On the heels of more than a 4% rise in the price of gold this week, the SPDR Gold Trust (GLD +1.3%) saw a spike in gold holdings to 25.925M ounces as of Thursday, up 0.9% from the day before and the highest level since December 20.
In the last month, says Julian Phillips of GoldForecaster.com, there have been so sales from the GLD and more than 500K ounces of purchases. “This is tremendously significant because sales of physical gold from these U.S. gold ETFs and from the leading U.S. banks totaled 1,300 metric tons in 2013 ... This formed a key source of supply for gold.

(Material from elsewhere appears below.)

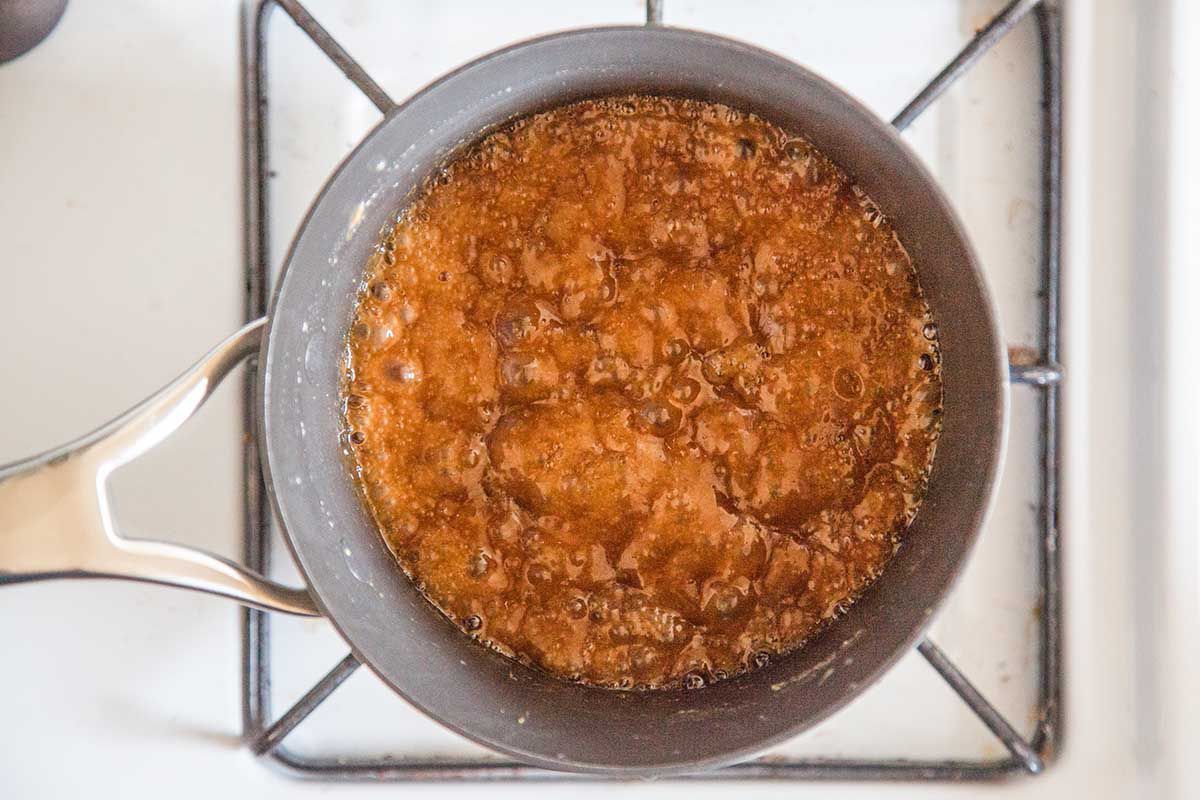 Brown sugar, butter, and salt cooking in a pot on a stove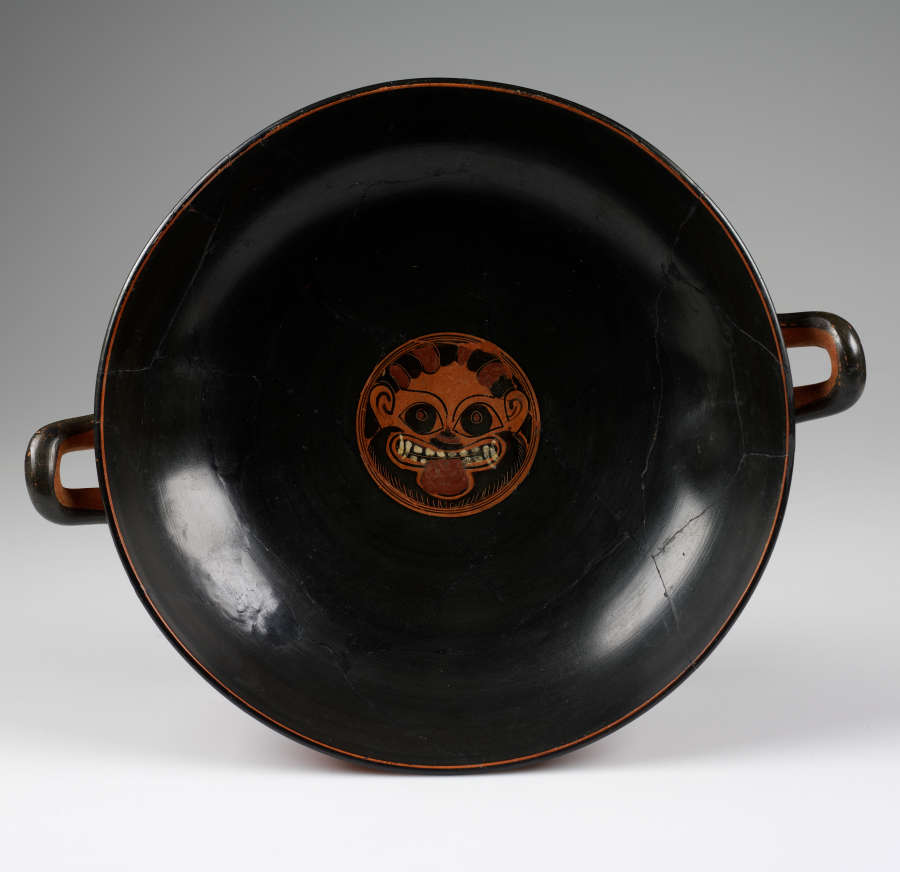 Top view of a cup with a wide mouth showing two handles peeking out from the edges. Its interior is glossy black with a terracotta illustration of an animal face.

All of it went east to Asia never to return again.”
“The reduction in supply from the U.S., as these sales have now halted, is the prime reason the gold price is now rising,” he says, adding that it has nothing to do with U.S. economic factors.
"We continue to expect further gains over the course of 2014, helped by strong demand from China and an eventual easing of the import ban in India," says Capital Economics' Julian Jessop. "In the meantime, safe-haven demand for gold has revived a little as a result of the turmoil in emerging markets.”
Up 1.2% to $1,315 per ounce, gold is ahead more than 4% on the week and over 9% YTD. The metal has also crossed its 200-day moving average, which could force technical buying, writes the team at Commerzbank.
The $1,200 level is one of strong support, says Jessop, noting it's where gold stabilized during its bear market last year and it's at that price where a significant number of gold mines become unprofitable. He continues to forecast a price of $1,450 for year-end.
Also having a big day is silver, up 3.4% to $21.08.